Decision Date12 October 1926
Docket NumberNo. 6.,6.
Citation210 N.W. 415,191 Wis. 120
PartiesKASTLER v. TURES.
CourtWisconsin Supreme Court

OPINION TEXT STARTS HERE

Appeal from Circuit Court, Kenosha County; E. B. Belden, Judge.

Action by John J. Kastler against George Tures, wherein defendant filed a counterclaim. From a judgment for defendant, plaintiff appeals. Reversed, with directions.--[By Editorial Staff.]J. Allan Simpson, of Racine (Beck, Smalley & Smith, of Racine, of counsel), for appellant.
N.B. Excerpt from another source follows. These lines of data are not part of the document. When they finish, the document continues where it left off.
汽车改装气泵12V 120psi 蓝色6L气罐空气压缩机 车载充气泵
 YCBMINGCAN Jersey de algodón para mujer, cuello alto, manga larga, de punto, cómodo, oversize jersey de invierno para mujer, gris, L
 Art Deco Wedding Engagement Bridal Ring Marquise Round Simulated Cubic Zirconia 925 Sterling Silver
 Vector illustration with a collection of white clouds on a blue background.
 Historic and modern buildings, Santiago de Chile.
Alfred L. Drury, of Kenosha, for respondent.

CROWNHART, J.

This was an action for damages resulting from a collision between the defendant's and the plaintiff's automobiles. The defendant denied liability, and counterclaimed for damage to his automobile. The case was tried before a jury, and the jury found that there was want of ordinary care on the part of the defendant in operating his automobile, which was the proximate cause of the collision; that there was no negligence on the part of the plaintiff in regard to locating his truck on the highway, or in maintaining lights, or in giving warning to travelers; and the amount of damage to each machine, about which there is no dispute. Thereafter, on motion, the circuit judge changed the answers in the special verdict, so as to hold the plaintiff guilty of negligence in regard to maintaining lights on his service truck and in regard to giving warning to travelers. Judgment was entered accordingly, and plaintiff appealed.
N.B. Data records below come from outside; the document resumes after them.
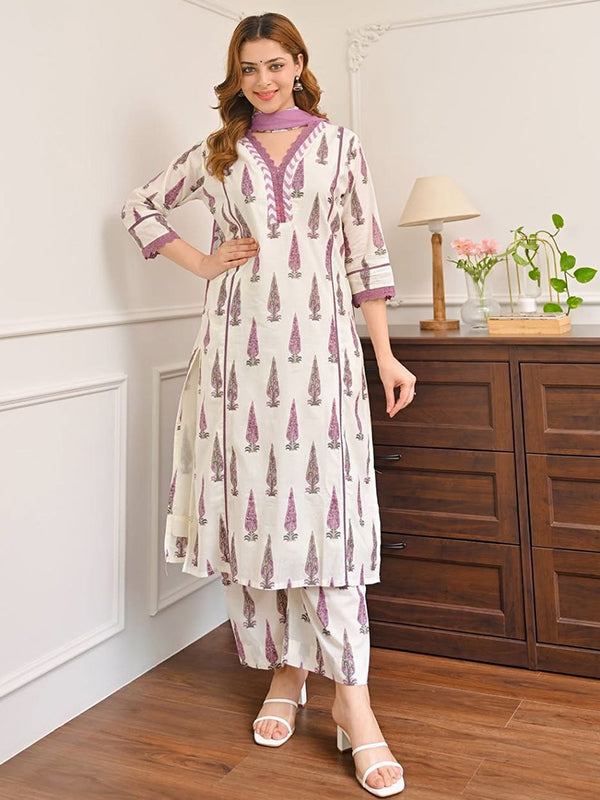 White With Pink Bagru Print Jaipuri Cotton Kurti Pant With Dupatta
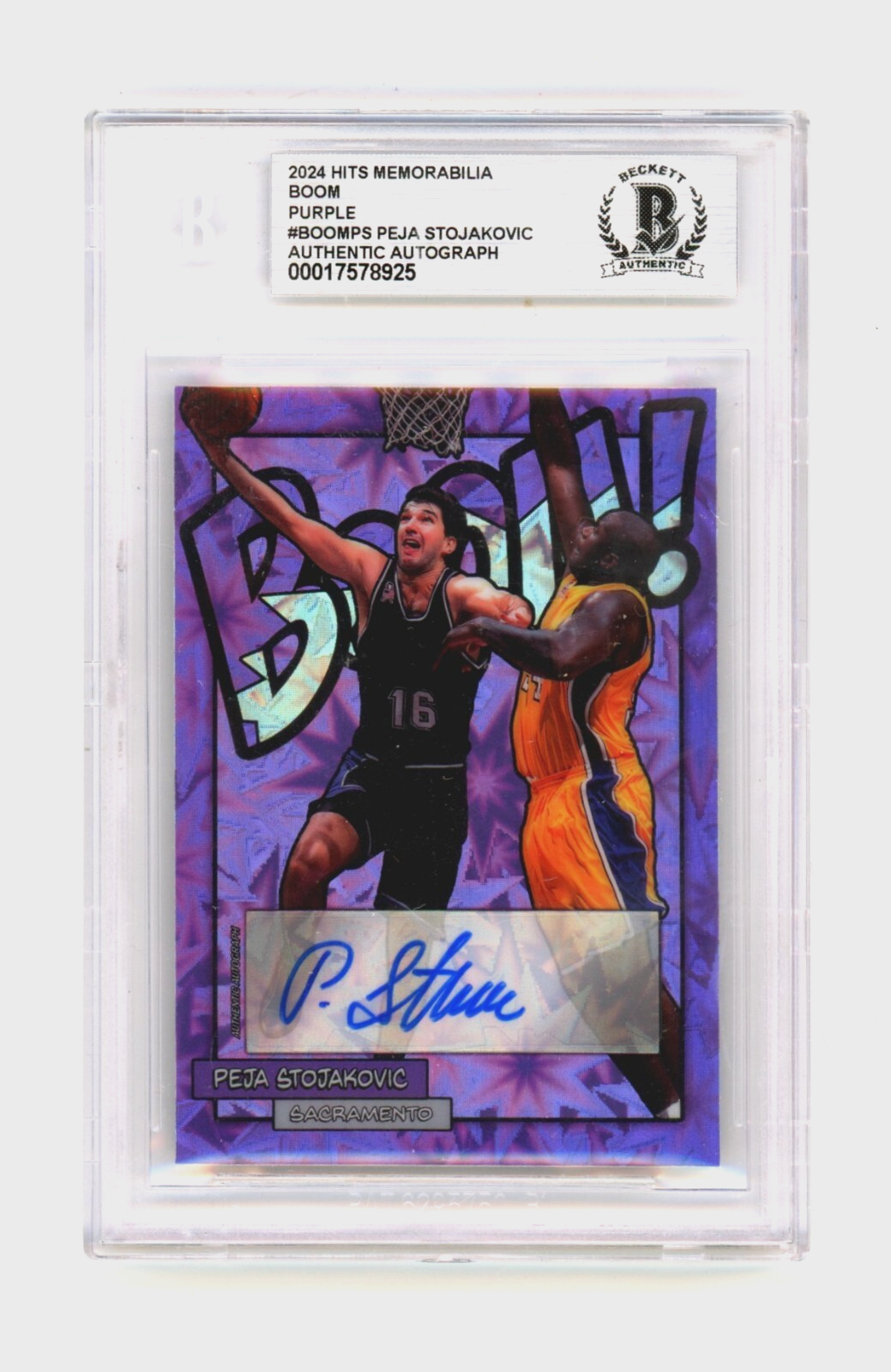 Peja Stojakovic 2024 Hits Memorabilia BOOM Purple /3 Signed BGS BAS Auto Kings-Powers Sports Memorabilia
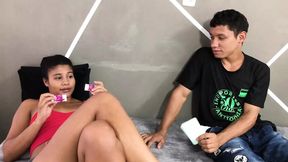 I go into my stepsister&#039;s room to show her some condoms from our parents and she helps me use them by fucking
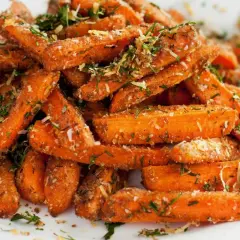 Chrupiące frytki z marchewki, posypane ziołami i parmezanem, wyglądają apetycznie.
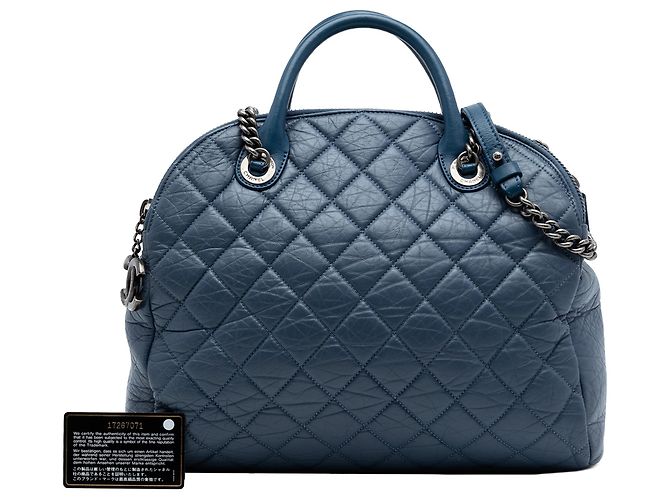 Borsa Bowling Chanel Blue CC in pelle di vitello invecchiata trapuntata - vista 7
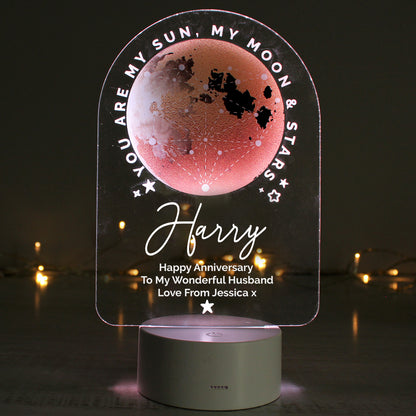 Personalised Sun Moon & Stars LED Colour Changing Night Light - MK&JD Gifts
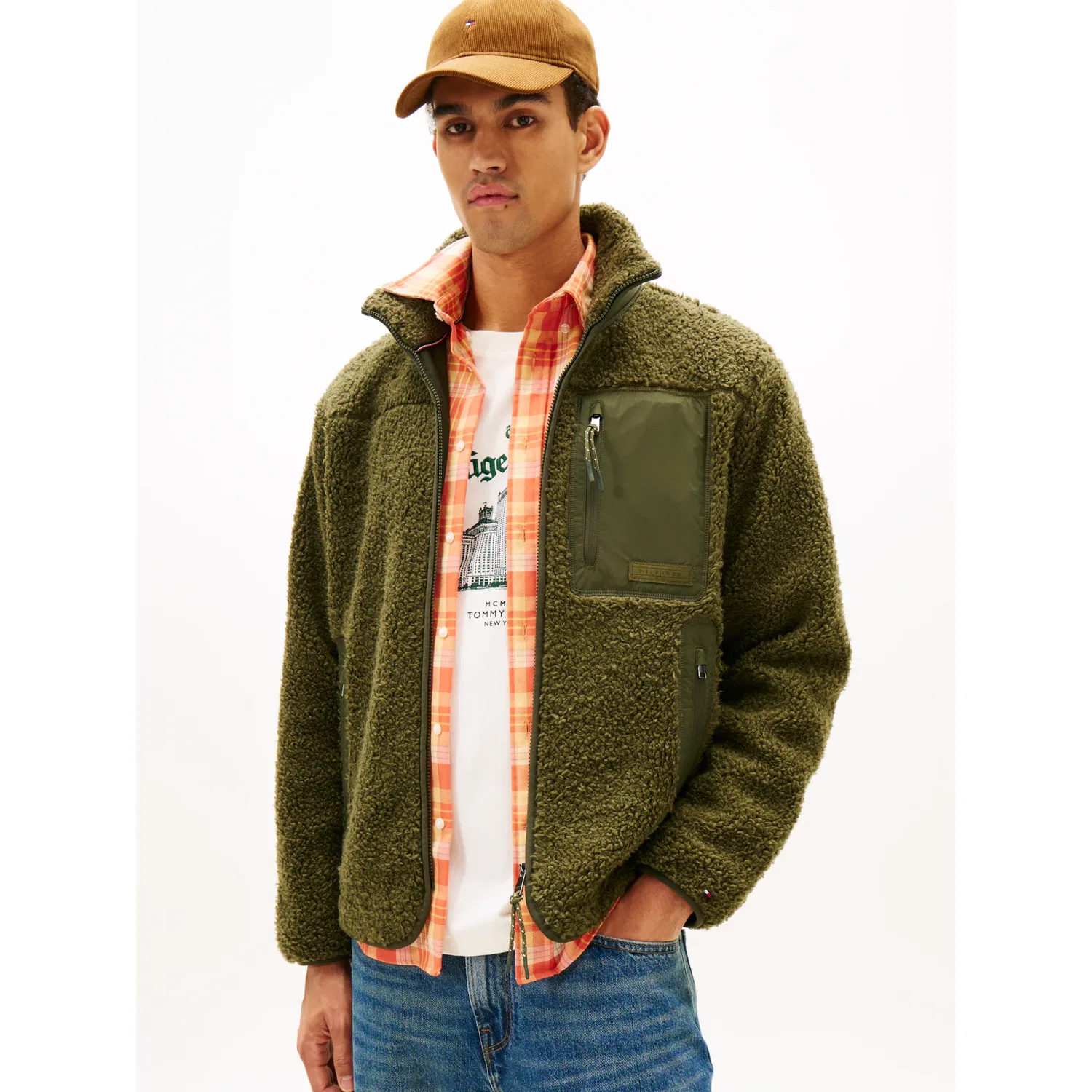 Мужская флисовая куртка с высоким воротником Teddy Fleece Zip Through Tommy Hilfiger, Huntsman Green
[1][2] The court, in his memorandum decision, said:

“The only allegation of the complaint regarding negligence is that the defendant operated his automobile ‘in a careless, negligent, and unlawful manner, without regard for the lights and signals of the plaintiff,’ to the plaintiff's damage. A defendant is entitled to be advised by specific allegations in the complaint and by specific findings in a special verdict just what negligence he is charged with and just what negligence is found against him. These requirements have not been met in this case by either complaint or verdict. That the defendant did not ask to have the complaint more definite and certain, or ask for questions in the verdict designed for specific findings as to negligence, does not save the situation.”

Apparently the court did not base the judgment on the grounds mentioned in the memorandum. It is very clear that such position is untenable. The case was tried and submitted without any objection on the part of the defendant as to the form of the complaint or the form of the special verdict. If the complaint had been defective on the grounds stated, it should have been objected to by the defendant by proper motion to make more specific and certain. As no objection was made, if necessary, the court should have directed the complaint to be amended to conform with the proof. If the special verdict was deficient, the court should have supplied the necessary findings, which he did, or the facts will be presumed to have been found in conformity with the judgment of the court. Section 270.28, Stats. We think the verdict was sufficient under the circumstances.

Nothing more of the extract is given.